The StoragePoint team announced the released version 3.1 on 10/26/2010. This is the latest release in the award winning StoragePoint product line and contains the new File Share Librarian Module (along with a list of performance updates and hot fixes). The StoragePoint team created teh File Share Librarian module in response to customer requests for a high speed migration capability for file share data. Traditional, full fidelity migration tools provide an extension set of features but sacrifise performance to provide those features. You can expect to see somewhere in the neighborhood of 5GB per hour for a traditonal file-share-to-SharePoint migration tool. As you can see we aren’t going to be setting any land speed records anytime soon with that level of performance. In many file share migration scenarios customers want to move large quantitites of data from the file system into SharePoint and then disable file system access to the content. StoragePoint File Share Librarain is the answer.
By leveraging the RBS/EBS capabilities of StoragePoint the File Share Librarain uses a “shallow” copy migration to catalogue file share content into SharePoint. To help understand this concept you need to first understand the workflow involved with inserting content into SharePoint with StoragePoint deployed. Files uploaded into the SharePoint web front end server (either through the user interface or some programatic means) are handing off to StoragePoint for processing. StoragePoint will then store the file on some external storage device (the most common scneario is a file share). For migration scenarios, rather than deal with the overhead of physically moving the file into SharePoint to have it then be immediately externalized by StoragePoint, the File Share Librarain module leaves the file in-place and simply catalogues the file to make it available in SharePoint.
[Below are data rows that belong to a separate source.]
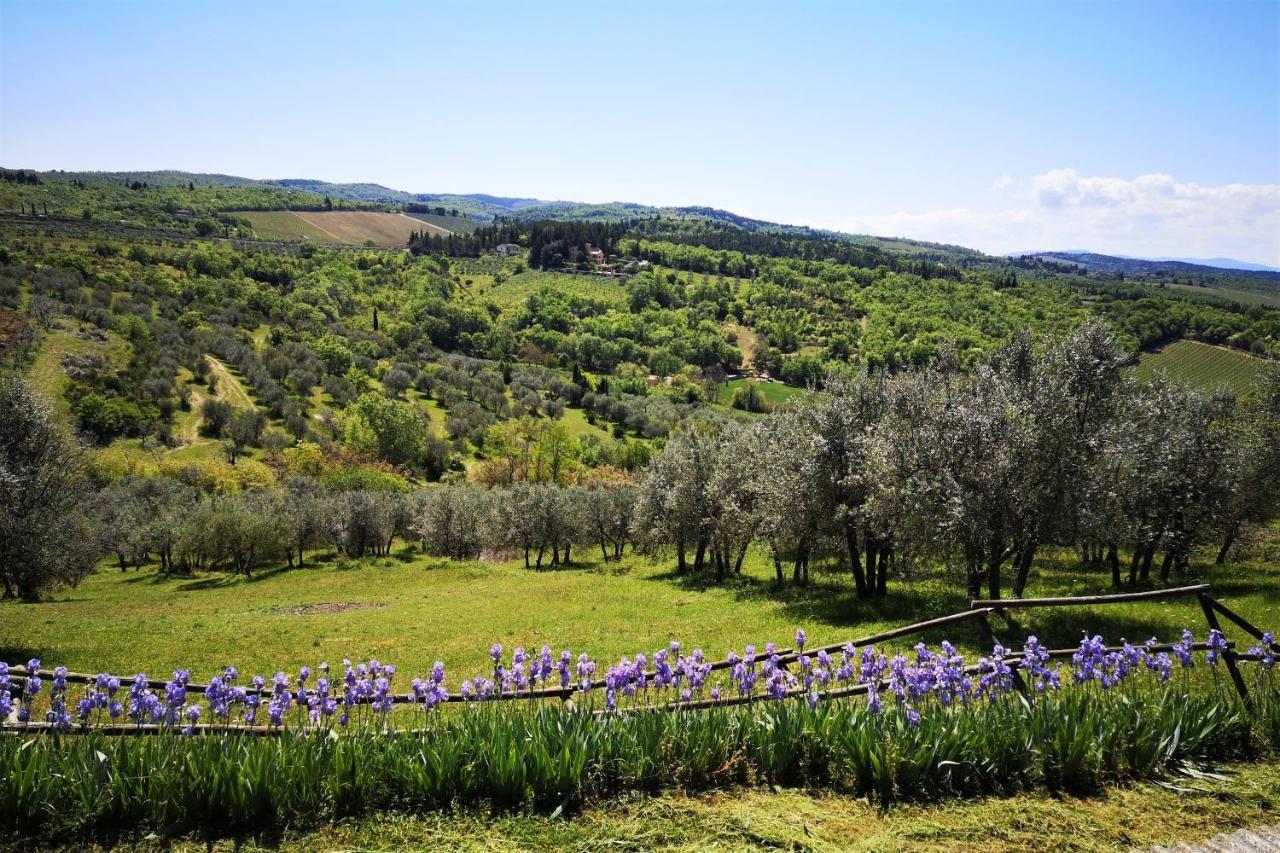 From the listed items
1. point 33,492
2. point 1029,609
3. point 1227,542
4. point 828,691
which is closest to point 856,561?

The benefits of the File Share Librarian module are many but most notable the ability to process millions of files in a short period of time. The speed of your migration is no longer bound to the physical size of your file share. Below you will find an additional list of features for the File Share Librarian along with links to resources where you can learn more about its capability. Note that the File Share Librarian will work with both SharePoint 2007 and SharePoint 2010 environments.
- Single and Dual Access Modes. Single Access Mode treats the cataloged file share 100% like a normal BLOB store, assuming that you are going to shut off end user access to the content once the file share is cataloged. And as you’re probably already guessing, Dual Access Mode is there for that transitional period between end users accessing content via the file share to end users accessing content exclusively via SharePoint. It would be nice to just say that on Monday the file share is gone and you need to go to this URL to get to your content. You can send that email out until you’re blue in the face and 50% of your end users will open help desk tickets or call yelling and screaming Monday morning wanting to know where there content is. Not to say that you can’t operate in Dual mode for some undetermined period of time, but why would you want to. Let me put it this way…we didn’t put this feature in Librarian to encourage folks to operate this way…we put it in there to do our little part to keep the IT staff sane while end users become comfortable with change and/or get out of their own way.
- Simulation Mode. Run the Librarian in this mode if you want to detect and have an opportunity to cleanse invalid folder or file names…or shorten path and file names to get within SharePoint URI length limits. You can let us do this stuff for you (…there is an option), but we’re going to be punitive about it (i.e. an ampersand goes bye-bye, it doesn’t get converted to and).
- Scheduling Options. Schedule the Librarian job to run on pretty much any interval you can come up with. The initial run will catalog the entire file share, with subsequent runs cataloging only the changes (i.e. new files added, old files removed, file updates/changes, etc.).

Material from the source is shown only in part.